The empirical formula is the simplest whole-number ratio of atoms in a compound. Glucose has the molecular formula C₆H₁₂O₆ but the empirical formula CH₂O — the 6:12:6 ratio reduces to 1:2:1. Different compounds can share an empirical formula: formaldehyde (CH₂O), acetic acid (C₂H₄O₂), and glucose (C₆H₁₂O₆) all reduce to CH₂O. The molecular formula tells you which one you actually have.
How do you find an empirical formula from mass percent data?
Assume a 100 g sample so percentages convert directly to grams. Divide each element's mass by its atomic mass to get moles. Divide all the mole values by the smallest of them — that converts moles into a ratio normalized to the least-abundant element. Round to whole numbers if the ratios are close, or multiply through by 2, 3, or 4 if you get fractions like 1.5, 1.33, or 1.25.
What is the difference between empirical and molecular formulas?

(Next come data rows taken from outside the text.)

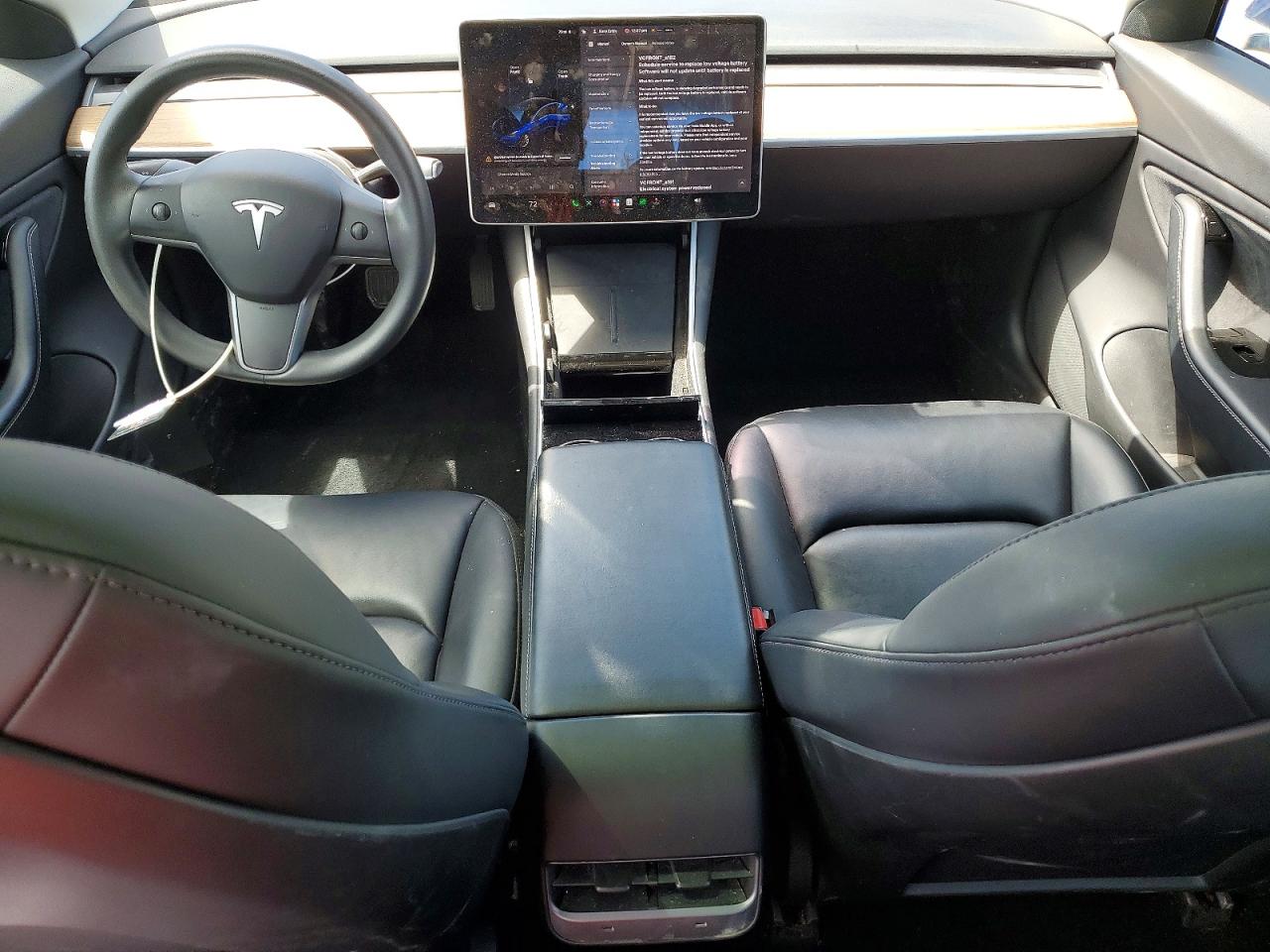 2020 Tesla Model 3 Blue vin: 5YJ3E1EB2LF783097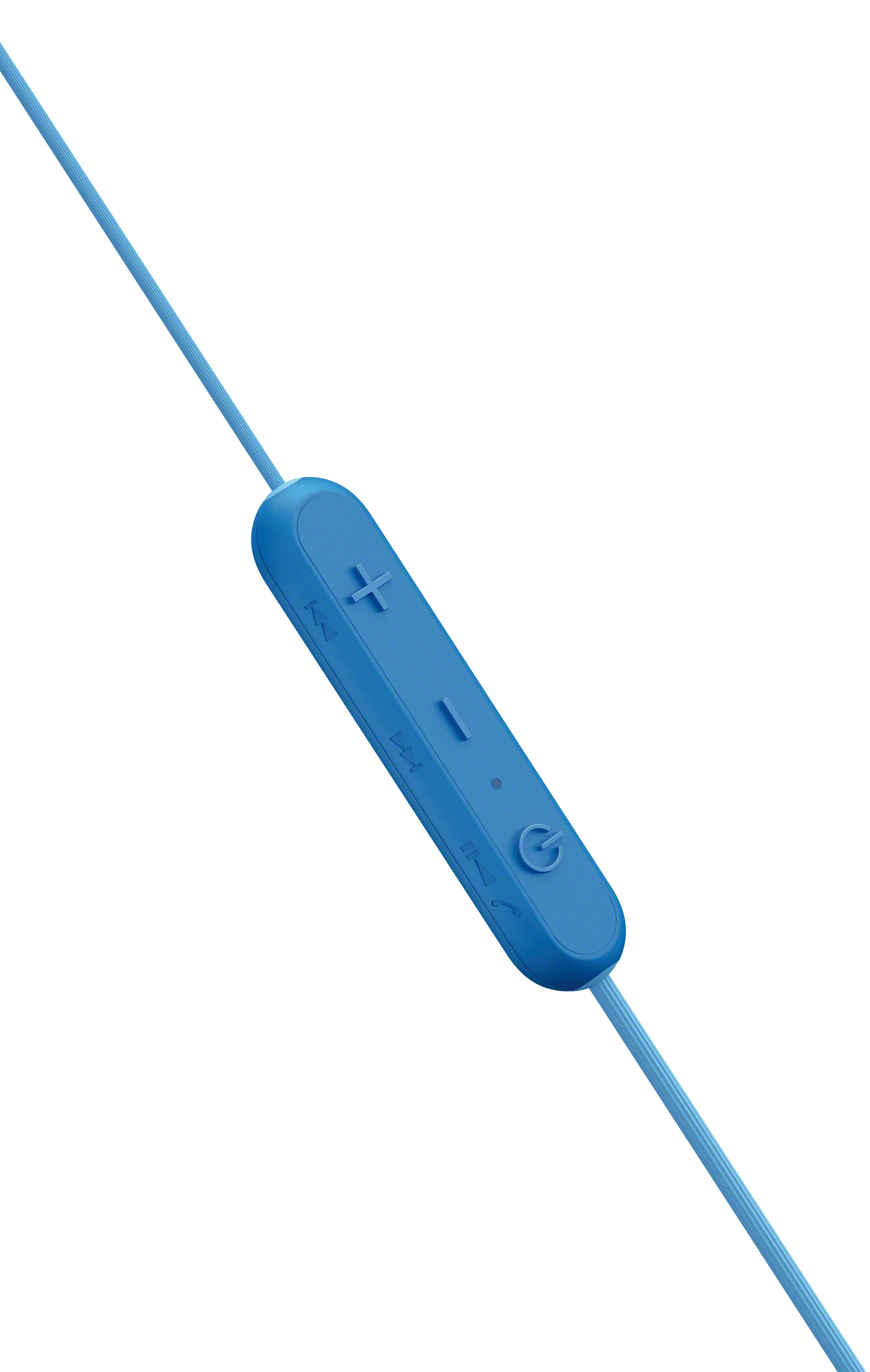 Беспроводные наушники вкладыши Sony WI C300 Bluetooth NFC One touch Hands free запуск голосового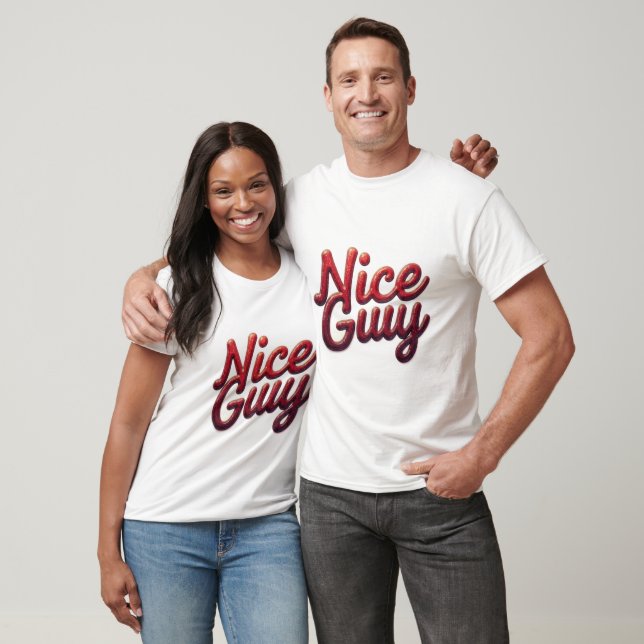 Camiseta Nice Guy (Unisexo)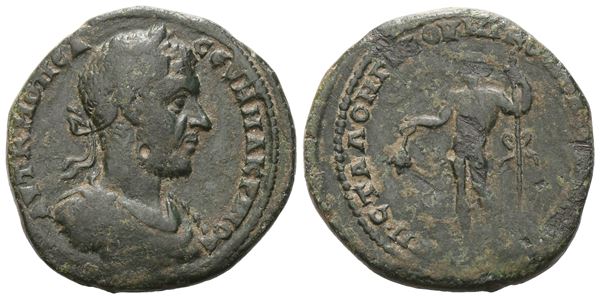 Macrinus (217-218). Moesia Inferior, Nicopolis ad Istrum. Æ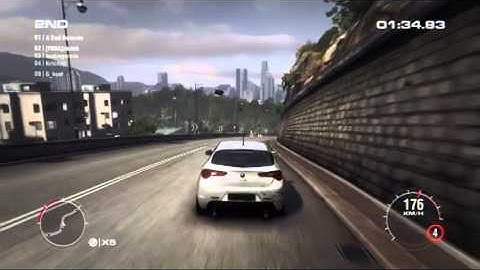 Grid 2 - Race Hong Kong multiplayer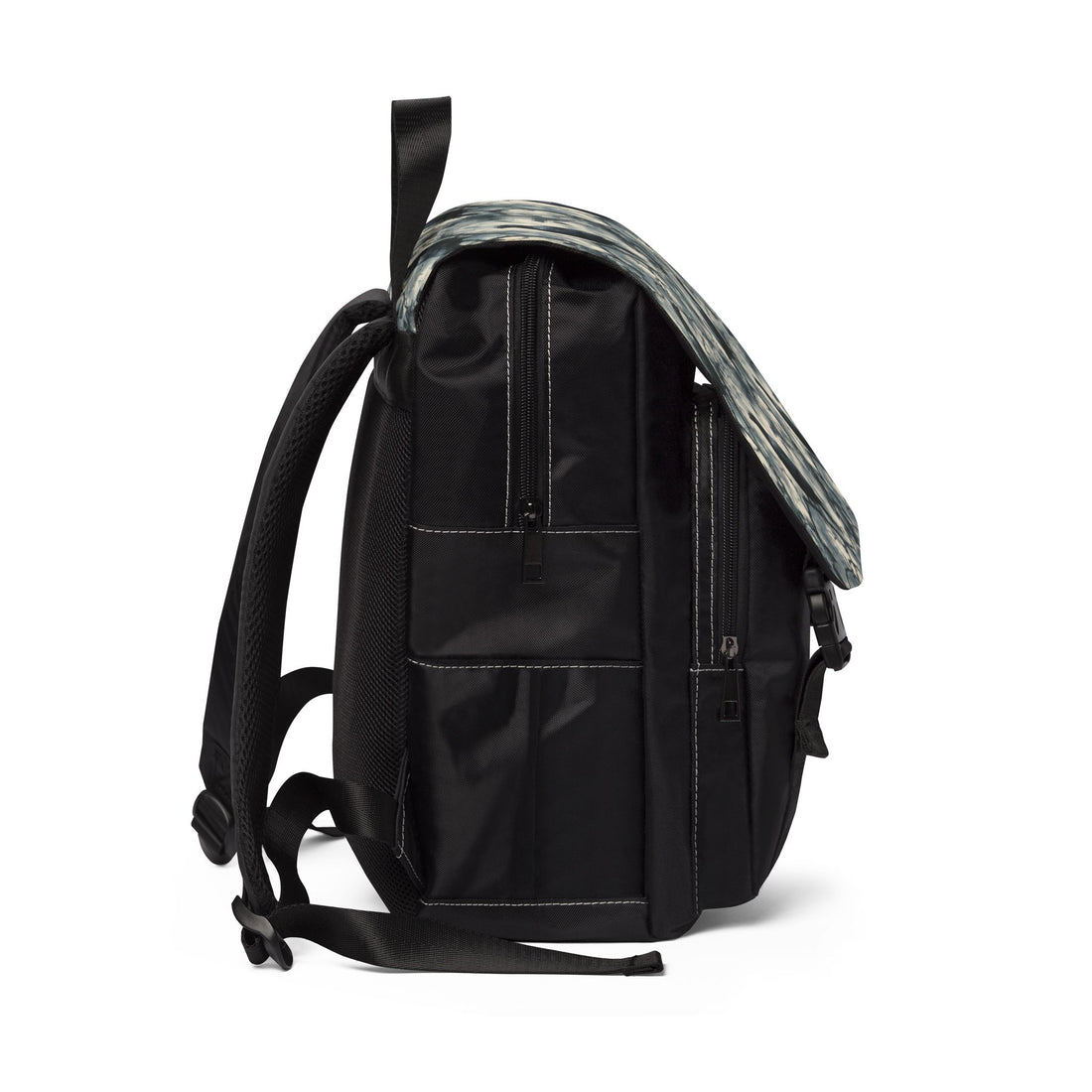 Dark Gothic Ravens And Roses Shoulder Backpack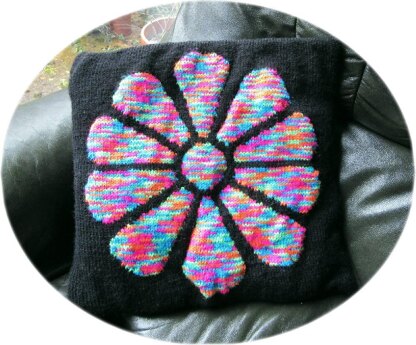 Rose Window Cushion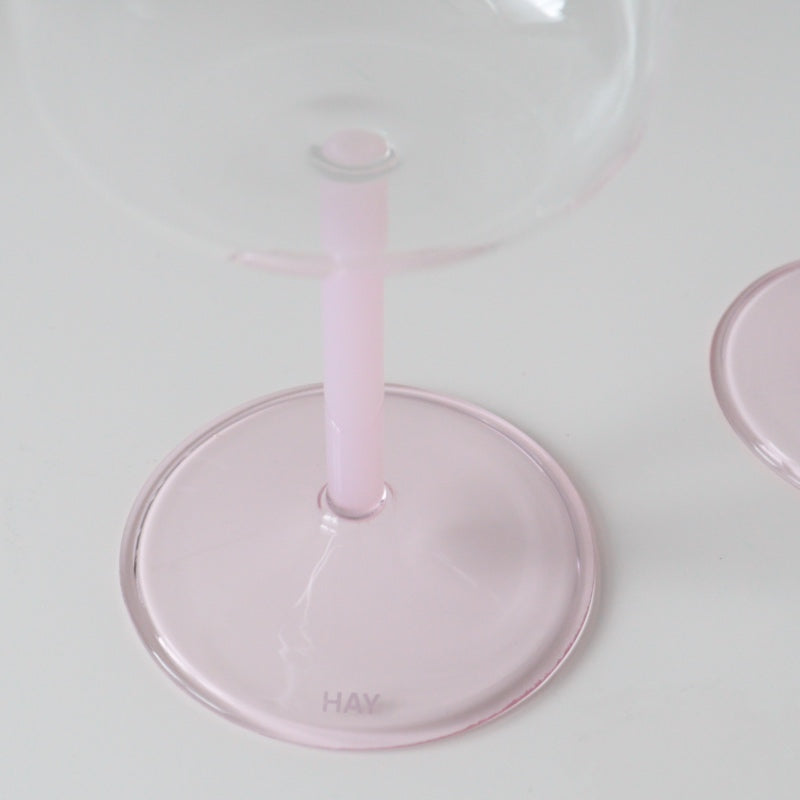 HAY TINT ワイングラス 2個セット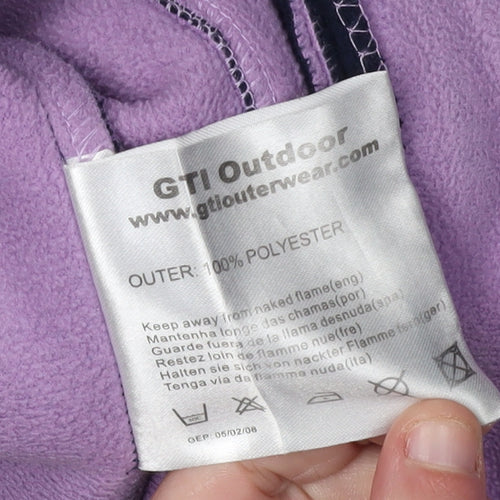 GTI Outdoor Unisex Blue 14 Plus 3-in-1 Jacket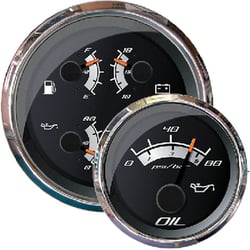 Picture of Faria Instruments F22009 Platinum 4" Tachometer Gauge 0-7000 RPM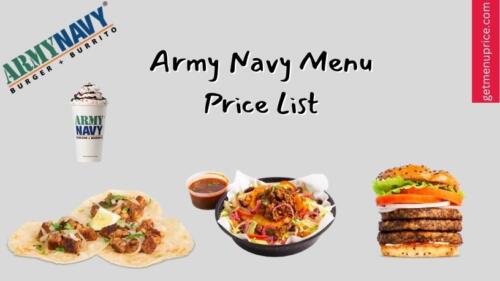 Army Navy Menu Price Philippines Updated April 2024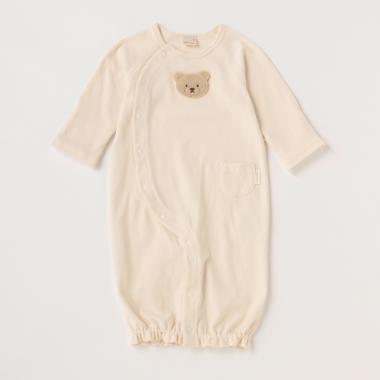 【オーガニック】アニマル2WAYオール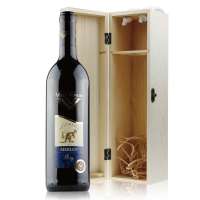 澳洲威牌.梅洛红葡萄酒 单木盒装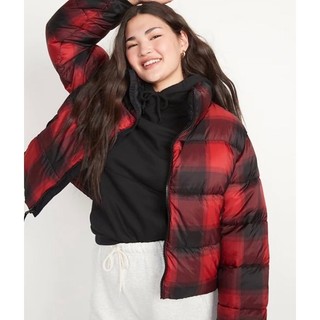 Áo khoác phao dáng ngắn old navy - hàng sale không đổi trả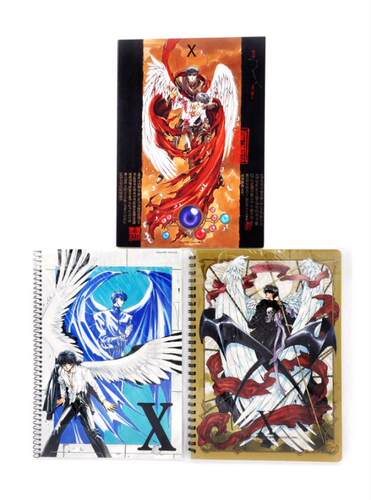渡鸦阁下现货 现货 日版 CLAMP X战记 B5 笔记本 3款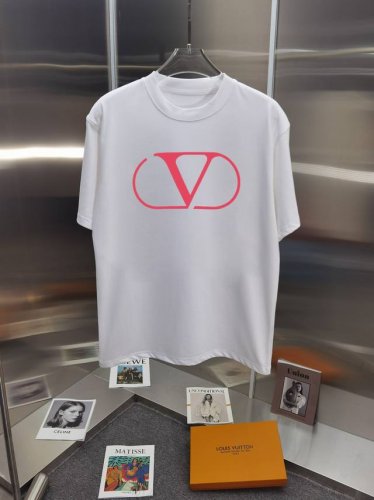 华伦*奴 Vna*Oiel 25Ss 大师亲手设计潮牌新品印花圆领短袖T恤 春夏最新砖柜同步 Os落肩版型 300克重全棉 时尚又个性 超级百搭好看的一款 男女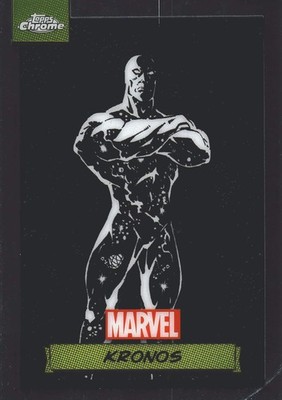 2024 Topps Chrome Marvel Kronos #146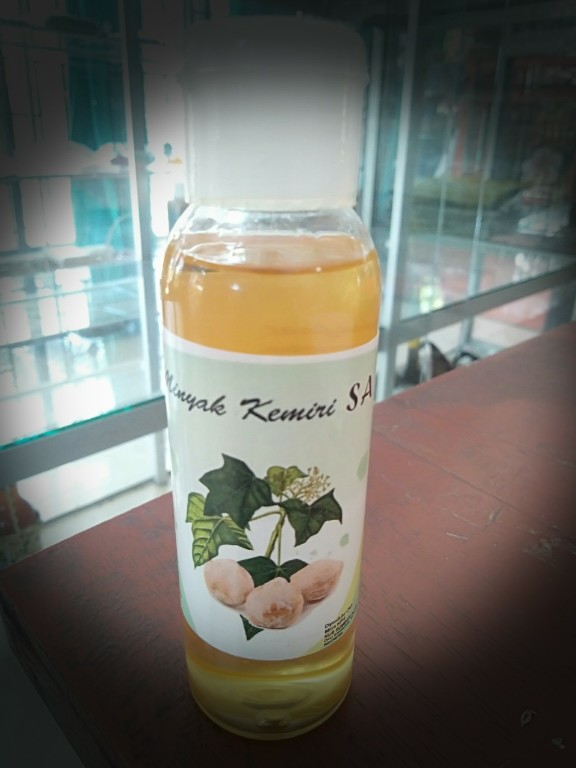 Minyak Kemiri 100 ml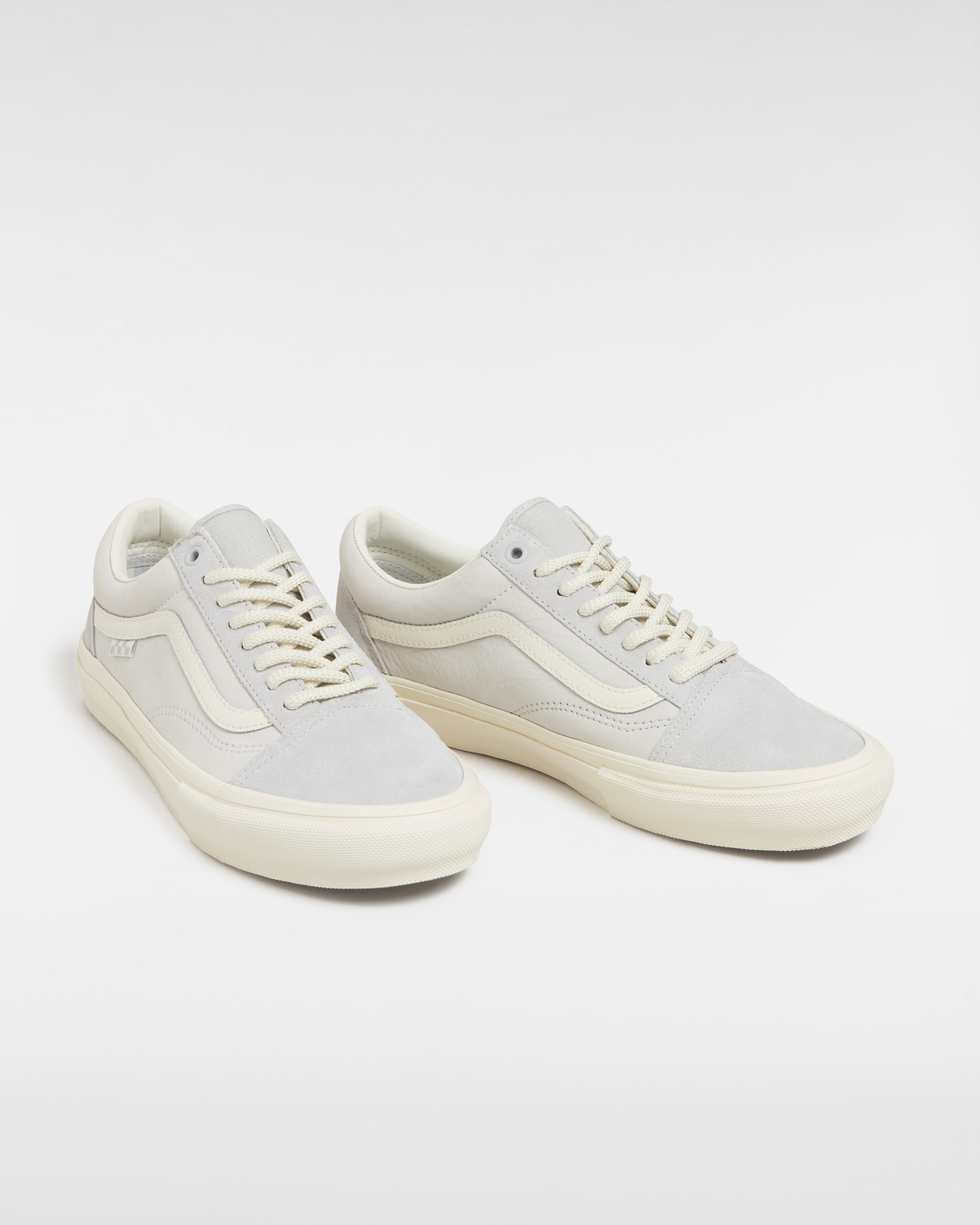 Chaussures Skate Old Skool VANS Blanc ALT1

The empirical formula is the simplest atom ratio. The molecular formula is the actual count of atoms in one molecule. Find the molecular formula by dividing the experimentally measured molar mass by the empirical formula mass — the result is an integer multiplier. CH₂O has empirical mass 30.03 g/mol; if the molar mass is 180.16, the multiplier is 6, and the molecular formula is C₆H₁₂O₆.
When do I need to multiply the mole ratios?
When dividing by the smallest mole value gives ratios that aren't close to whole numbers. A ratio ending in .5 means multiply by 2; .33 or .67 means multiply by 3; .25 or .75 means multiply by 4. So 1:1.5 becomes 2:3, and 1:1.33 becomes 3:4. Don't round 1.5 to 2 or 1.33 to 1 — that's chemically wrong and gives a different compound.
What is combustion analysis?
Combustion analysis burns a sample (usually an organic compound) in excess O₂ and traps the CO₂ and H₂O produced. The mass of CO₂ tells you how much carbon was in the sample (multiply by 12.011/44.009). The mass of H₂O tells you how much hydrogen (multiply by 2.016/18.015). Subtract C and H mass from the original sample mass to get oxygen by difference. Then run the standard mass-percent-to-empirical-formula procedure.